Comment appeler encore cela une structure décentralisée, si toutes les décisions sont prises à Paris et si les caisses et banques régionales sont priées de suivre en rangs d'oignon, sans possibilité d'initiatives personnelles ? Comment appeler cela une banque coopérative si le nouvel organe central considère les caisses et banques régionales comme ses filiales plutôt que comme ses propriétaires ?

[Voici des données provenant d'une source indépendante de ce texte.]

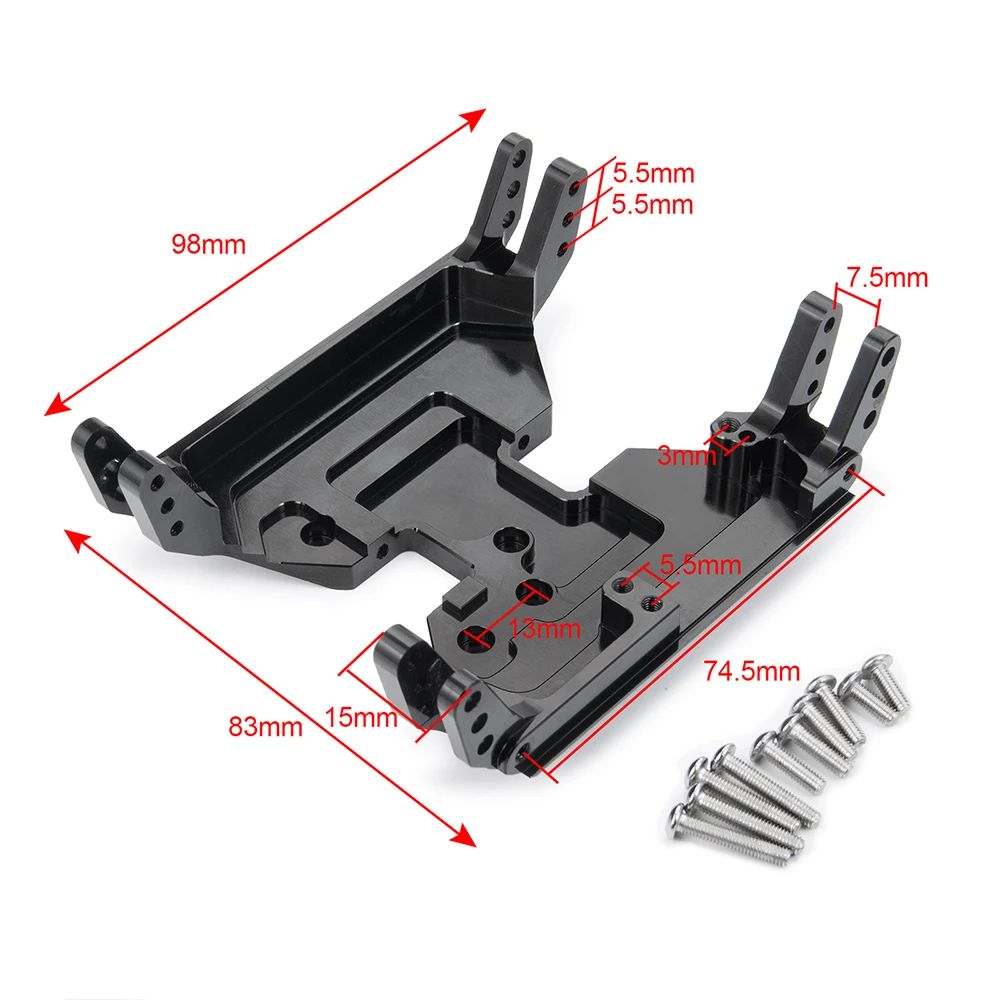 MIBIDAO Metal Gearbox Bottom Base Mount Middle Skid Plate For 1/10 Axial Capra 1.9 UTB AXI03004 RC Crawler Car Upgrade Parts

Cette mainmise de l'organe central sur les structures régionales se trouve encore accentuée par le fait que celui-ci gérera l'ensemble de la trésorerie des établissements qui le composent. Ce point peut sembler mineur, mais il ne l'est pas. Alors que, jusqu'à présent, l'organe central ne gérait que l'excédent de trésorerie des caisses et banques régionales, leur laissant ainsi une importante marge de manoeuvre dans la détermination de leur politique, le nouvel organe central pourra, demain, décider de l'allocation du moindre centime.
Si encore étaient organisés, au sein du nouvel organe central, des contre-pouvoirs permettant aux représentants des sociétaires, des salariés et de l'État d'avoir leur mot à dire quant aux choix et orientations futurs ! Mais le projet de loi est curieusement muet sur la composition de ce nouvel organe central, ne précisant ni s'il sera à directoire et conseil de surveillance ni, a fortiori, si les sociétaires seront suffisamment bien représentés dans l'encore hypothétique conseil de surveillance. Encore une fois, dans sa rédaction actuelle, ce projet de loi donne quasiment les pleins pouvoirs à M. Pérol, c'est-à-dire à M. Sarkozy.
Pour conclure, ce projet de loi ne modernise en rien notre système bancaire. Il ne tire aucune leçon de la crise et organise la braderie de l'épargne populaire. Les banquiers et leurs amis se frottent les mains ; les sociétaires, les épargnants et les classes populaires un peu moins bien évidemment !
C'est pourquoi les députés communistes, républicains, du parti de gauche voteront contre ce projet de loi. (Applaudissements sur les bancs des groupes GDR et SRC.)